Media discussions of gun control are dominated by two
factors: the National Rifle Association and the Second Amendment. But the
over-riding factual question is whether gun control laws actually reduce gun
crimes in general or murder rates in particular.
If, as gun control advocates claim, gun control laws
really do control guns and save lives, there is nothing to prevent repealing
the Second Amendment, any more than there was anything to prevent repealing the
Eighteenth Amendment that created Prohibition.
But, if the hard facts show that gun control laws do not
actually control guns, but instead lead to more armed robberies and higher
murder rates after law-abiding citizens are disarmed, then gun control laws
would be a bad idea, even if there were no Second Amendment and no National
Rifle Association.
The central issue boils down to the question: What are
the facts? Yet there are many zealots who seem utterly unconcerned about facts
or about their own lack of knowledge of facts.
There are people who have never fired a shot in their
life who do not hesitate to declare how many bullets should be the limit to put
into a firearm's clip or magazine. Some say ten bullets but New York state's
recent gun control law specifies seven.
Virtually all gun control advocates say that 30 bullets
in a magazine is far too many for self-defense or hunting -- even if they have
never gone hunting and never had to defend themselves with a gun. This
uninformed and self-righteous dogmatism is what makes the gun control debate so
futile and so polarizing.
Anyone who faces three home invaders, jeopardizing
himself or his family, might find 30 bullets barely adequate. After all, not
every bullet hits, even at close range, and not every hit incapacitates. You
can get killed by a wounded man.
These plain life-and-death realities have been ignored
for years by people who go ballistic when they hear about how many shots were
fired by the police in some encounter with a criminal. As someone who once
taught pistol shooting in the Marine Corps, I am not the least bit surprised by
the number of shots fired. I have seen people miss a stationary target at close
range, even in the safety and calm of a pistol range.

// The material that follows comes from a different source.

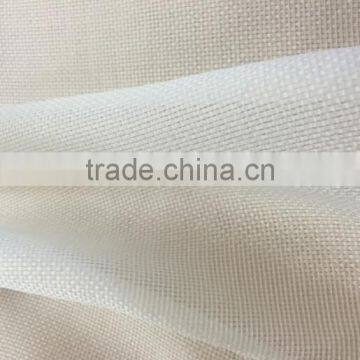 plaid organza,in checks,15mm140cm,white,100pct pure silk,organza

We cannot expect everybody to know that. But we can
expect them to know that they don't know -- and to stop spouting off about
life-and-death issues when they don't have the facts.

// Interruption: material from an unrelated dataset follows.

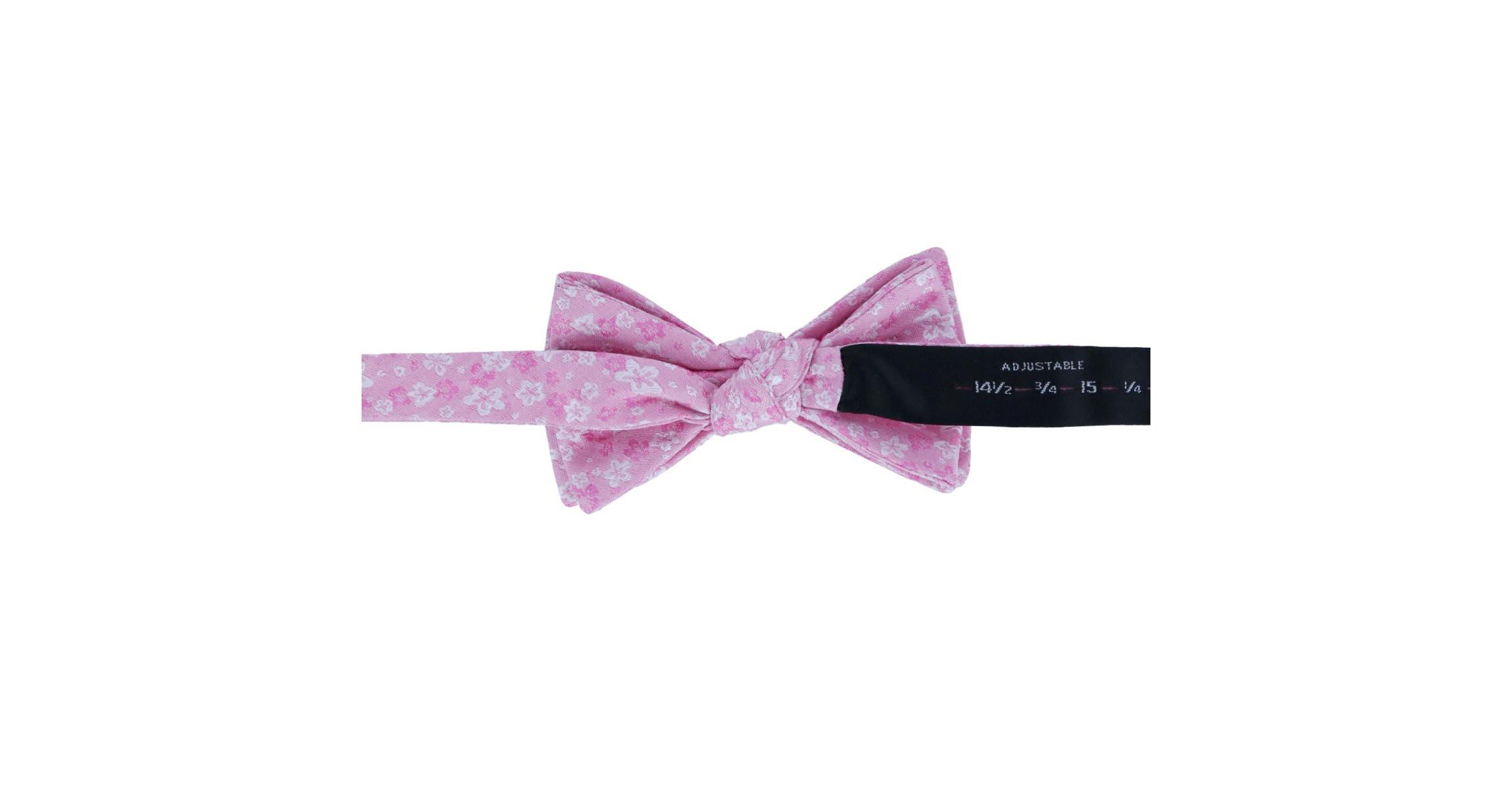 Hanami Cherry Blossom Burst Linen Blend Novelty Bowtie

The central question as to whether gun control laws save
lives or cost lives has generated many factual studies over the years. But
these studies have been like the proverbial tree that falls in an empty forest,
and has been heard by no one -- certainly not by zealots who have made up their
minds and don't want to be confused by the facts.
Most factual studies show no reduction in gun crimes,
including murder, under gun control laws. A significant number of studies show
higher rates of murder and other gun crimes under gun control laws.

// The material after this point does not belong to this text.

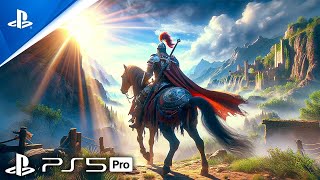 TOP 20 NEW Upcoming PS5 PRO Games of 2024 amp 2025 [upl. by Etterual]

How can this be? It seems obvious to some gun control
zealots that, if no one had guns, there would be fewer armed robberies and
fewer people shot to death.
But nothing is easier than to disarm peaceful,
law-abiding people. And nothing is harder than to disarm people who are neither
-- especially in a country with hundreds of millions of guns already out there,
that are not going to rust away for centuries.
When it was legal to buy a shotgun in London in the
middle of the 20th century, there were very few armed robberies there. But,
after British gun control zealots managed over the years to disarm virtually
the entire law-abiding population, armed robberies became literally a hundred
times more common. And murder rates rose.
One can cherry-pick the factual studies, or cite some
studies that have subsequently been discredited, but the great bulk of the
studies show that gun control laws do not in fact control guns. On net balance,
they do not save lives but cost lives.
Gun control laws allow some people to vent their
emotions, politicians to grandstand and self-righteous people to "make a
statement" -- but all at the cost of other people's lives.